# [The task]
Under this line is a listing; return exactly the lines starting at the one with "Toyota Corolla GSI" and running down to the one with "Chevrolet (GM Daewoo)", and leave out its pictures.

# [Supplied entries]

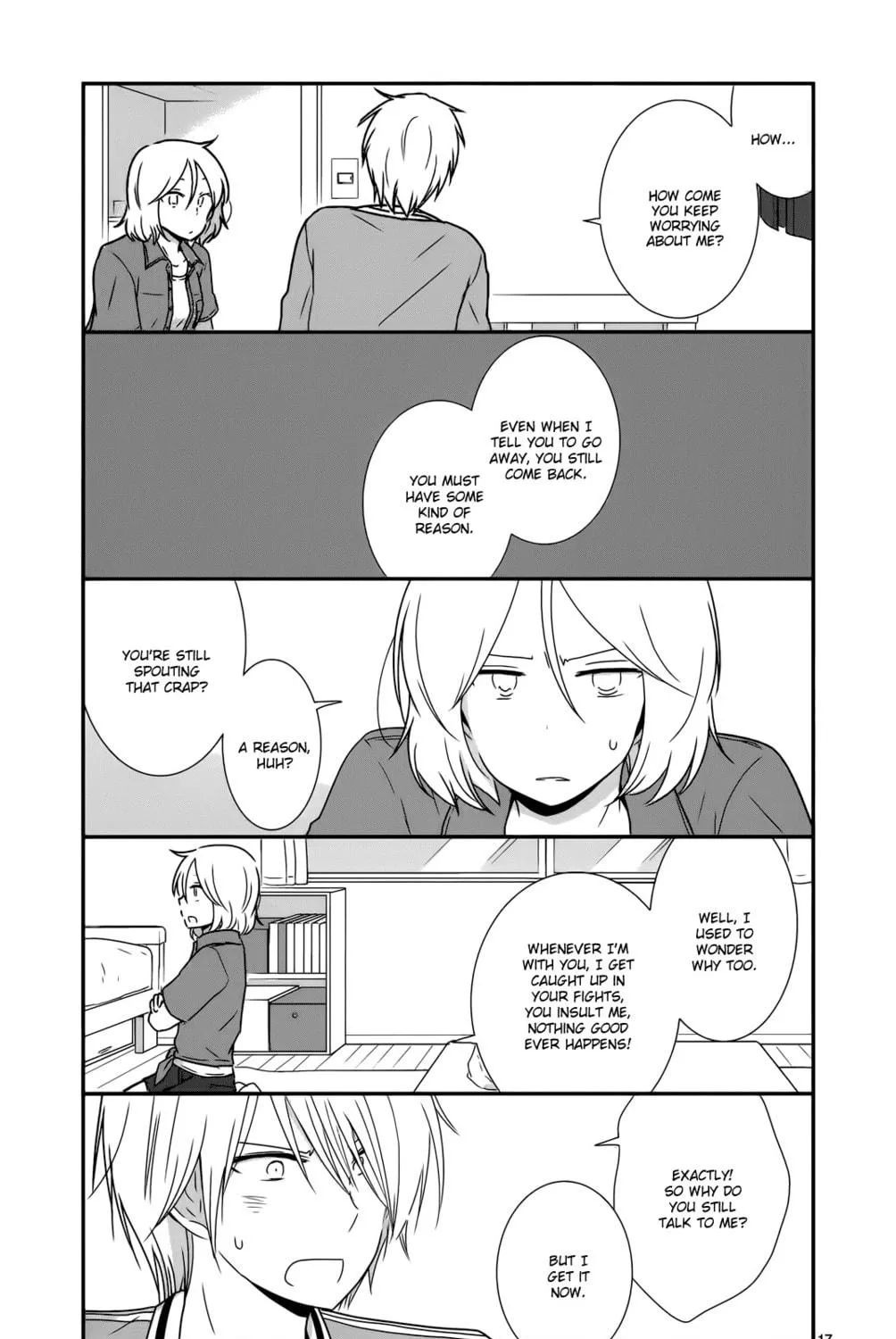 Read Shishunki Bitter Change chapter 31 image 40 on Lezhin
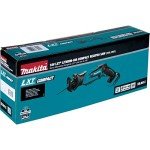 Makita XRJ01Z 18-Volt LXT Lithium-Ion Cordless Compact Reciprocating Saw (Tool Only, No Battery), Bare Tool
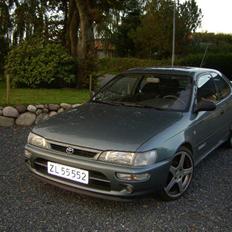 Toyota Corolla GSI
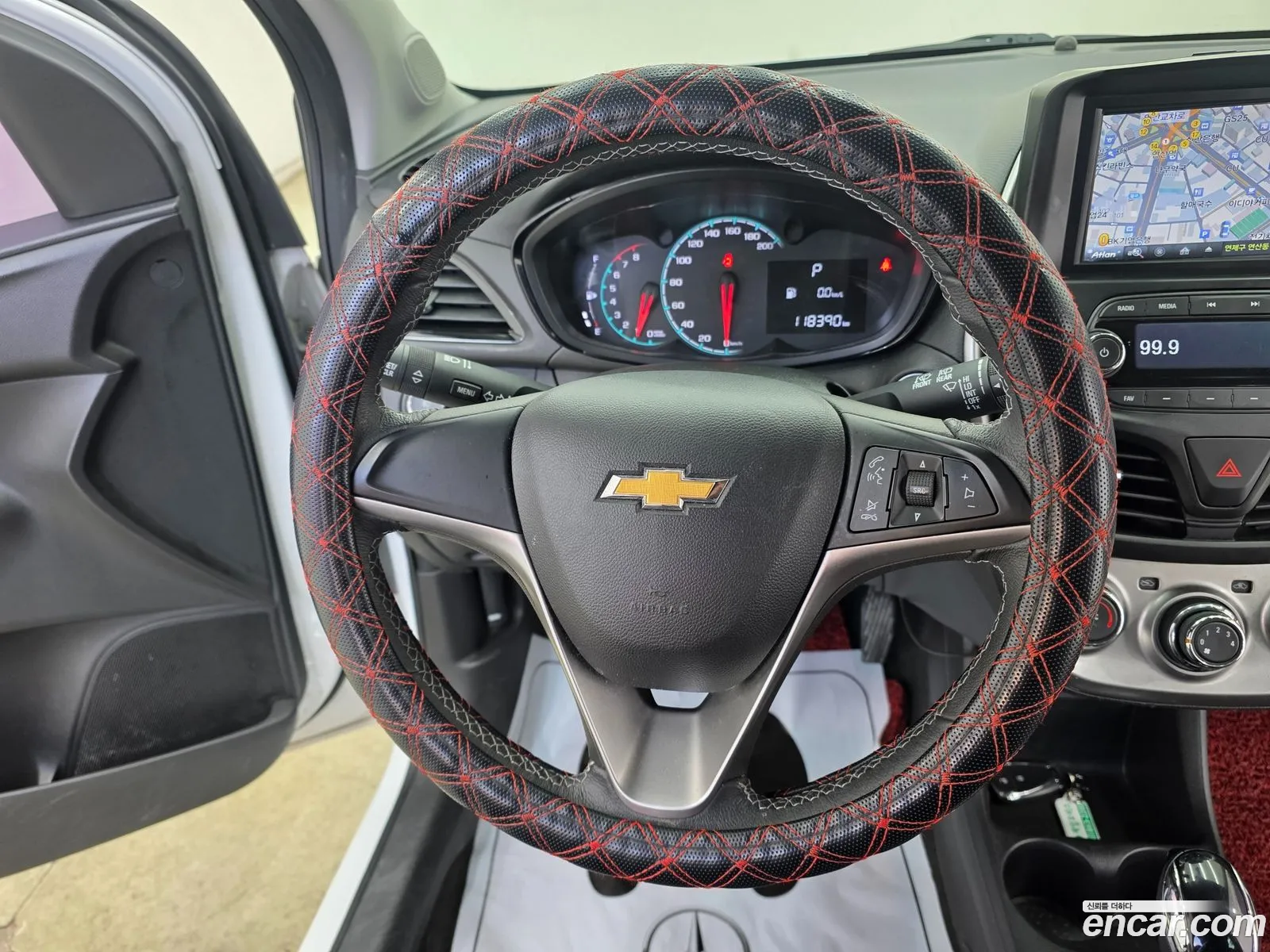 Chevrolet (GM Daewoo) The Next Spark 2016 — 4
...
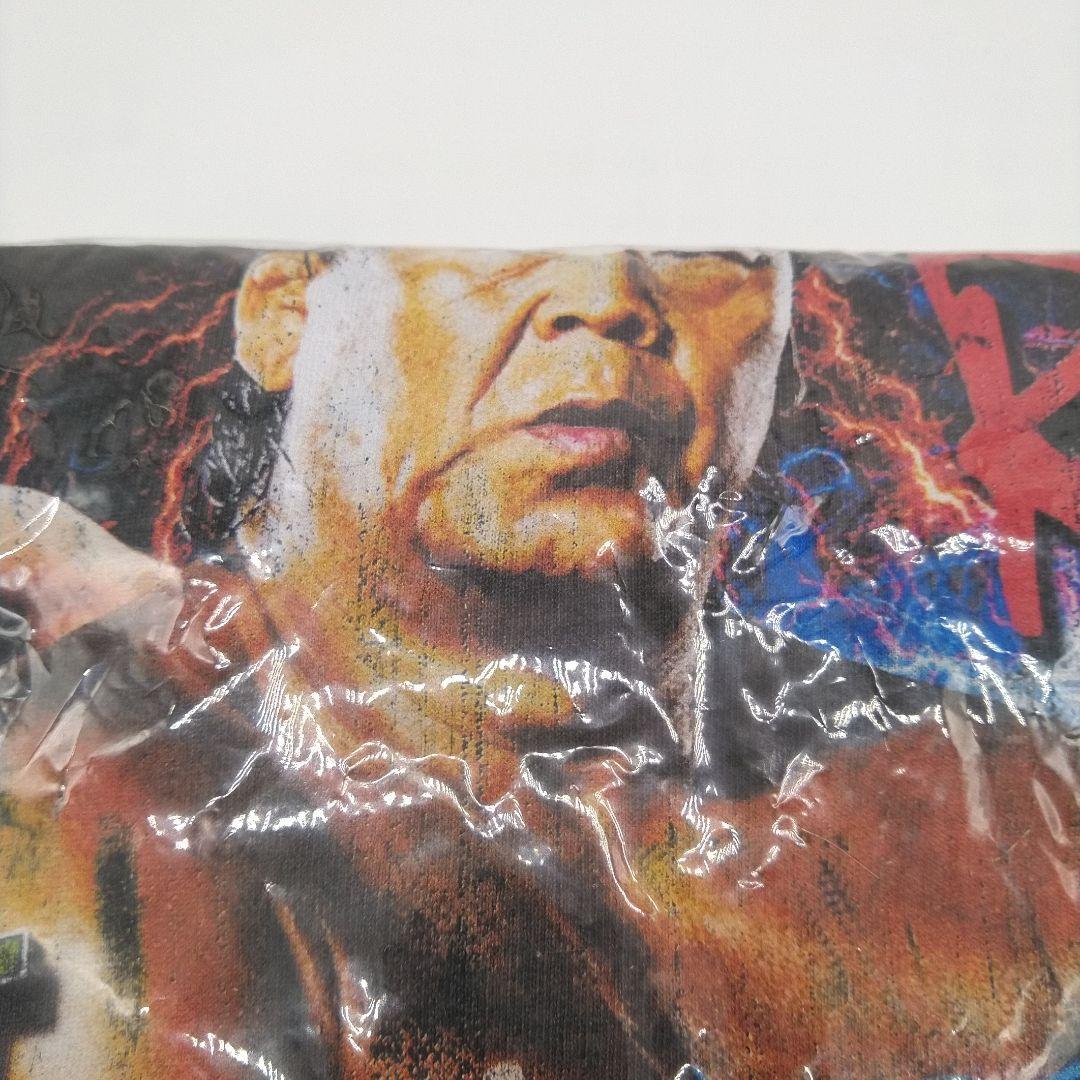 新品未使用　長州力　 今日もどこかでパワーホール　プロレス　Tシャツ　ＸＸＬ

# [Response to the exercise]
 Toyota Corolla GSI
 Chevrolet (GM Daewoo) The Next Spark 2016 — 4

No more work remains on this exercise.